Model Armor integration with Google Cloud services

Model Armor integrates with various Google Cloud services:

Google Kubernetes Engine (GKE) and Service Extensions
Vertex AI
Gemini Enterprise

GKE and Service Extensions

Model Armor can be integrated with GKE through Service Extensions. Service Extensions allow you to integrate internal (Google Cloud services) or external (user-managed) services to process traffic. You can configure a service extension on application load balancers, including GKE inference gateways, to screen traffic to and from a GKE cluster. This verifies that all interactions with the AI models are protected by Model Armor. For more information, see Integration with GKE.

Vertex AI

Model Armor can be directly integrated into Vertex AI using either floor settings or templates. This integration screens Gemini model requests and responses, blocking those that violate floor settings. This integration provides prompt and response protection within Gemini API in Vertex AI for the generateContent method. You need to enable Cloud Logging to get visibility into the sanitization results of prompts and responses. For more information, see Integration with Vertex AI.

Gemini Enterprise

Model Armor can be directly integrated with Gemini Enterprise using templates. Gemini Enterprise routes the interactions between users and agents and the underlying LLMs through Model Armor. This means prompts from users or agents, and the responses generated by the LLMs, are inspected by Model Armor before being presented to the user. For more information, see Integration with Gemini Enterprise.

Before you begin

Enable APIs

You must enable Model Armor APIs before you can use Model Armor.

Console

Enable the Model Armor API.
Roles required to enable APIs
To enable APIs, you need the Service Usage Admin IAM role (roles/serviceusage.serviceUsageAdmin), which contains the serviceusage.services.enable permission. Learn how to grant roles.
Enable the API
Select the project where you want to activate Model Armor.

gcloud

Before you begin, follow these steps using the Google Cloud CLI with the Model Armor API:

In the Google Cloud console, activate Cloud Shell.

Activate Cloud Shell

At the bottom of the Google Cloud console, a Cloud Shell session starts and displays a command-line prompt. Cloud Shell is a shell environment with the Google Cloud CLI already installed and with values already set for your current project. It can take a few seconds for the session to initialize.
Run the following command to set the API endpoint for the Model Armor service.
```
gcloud config set api_endpoint_overrides/modelarmor "https://modelarmor.LOCATION.rep.googleapis.com/"
```
Replace LOCATION with the region where you want to use Model Armor.
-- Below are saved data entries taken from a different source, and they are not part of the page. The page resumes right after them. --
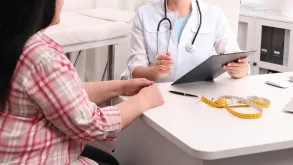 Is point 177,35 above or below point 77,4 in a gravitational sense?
below

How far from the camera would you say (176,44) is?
1.79m

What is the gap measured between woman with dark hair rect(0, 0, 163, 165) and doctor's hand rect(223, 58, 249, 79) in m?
0.64

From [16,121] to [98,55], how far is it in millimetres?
2384

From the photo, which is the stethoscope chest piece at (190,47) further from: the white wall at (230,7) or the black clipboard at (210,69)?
the white wall at (230,7)

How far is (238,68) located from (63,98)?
77cm

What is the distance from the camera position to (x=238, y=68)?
1.53 meters

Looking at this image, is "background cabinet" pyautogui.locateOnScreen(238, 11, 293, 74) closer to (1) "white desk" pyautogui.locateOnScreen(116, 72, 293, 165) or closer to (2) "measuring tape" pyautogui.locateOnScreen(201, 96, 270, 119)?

Run the following command to enable Model Armor.

  gcloud services enable modelarmor.googleapis.com --project=PROJECT_ID

Replace PROJECT_ID with the ID of the project.

Options when integrating Model Armor

Model Armor offers the following integration options. Each option provides different features and capabilities.

Integration option	Policy enforcer/detector	Configure detections	Inspect only	Inspect and block	Model and cloud coverage
REST API	Detector	Only using templates	Yes	Yes	All models and all clouds
Vertex AI (Preview)	Inline enforcement	Using floor settings or templates	Yes	Yes	Gemini (non-streaming) on Google Cloud
Google Kubernetes Engine	Inline enforcement	Only using templates	Yes	Yes	Models with OpenAI format on Google Cloud
Gemini Enterprise	Inline enforcement	Only using templates	Yes	Yes	All models and all clouds

For the REST API integration option, Model Armor functions only as a detector using templates. This means it identifies and reports potential policy violations based on predefined templates rather than actively preventing them. When integrating with the Model Armor API, your application can use its output to block or allow actions based on the security evaluation results provided. The Model Armor API returns information about potential threats or policy violations related to your API traffic, especially in the case of AI/LLM interactions. Your application can call the Model Armor API and use the information received in the response to make a decision and take action based on your predefined custom logic.

With the Vertex AI integration option, Model Armor provides inline enforcement using floor settings or templates. This means Model Armor actively enforces policies by intervening directly in the process without requiring modifications to your application code.

Similar to Vertex AI, the GKE integration and Gemini Enterprise integration options also offers inline enforcement only using templates. This means that Model Armor can enforce policies directly within the inference gateway as well as the user or agent interactions within the Gemini Enterprise instances without requiring modifications to your application code.

Model Armor and Gemini Enterprise integration sanitizes only the initial user prompt and the final agent or model response. Any intermediate steps that occur between the initial user prompt and the final response generation are not covered by this integration.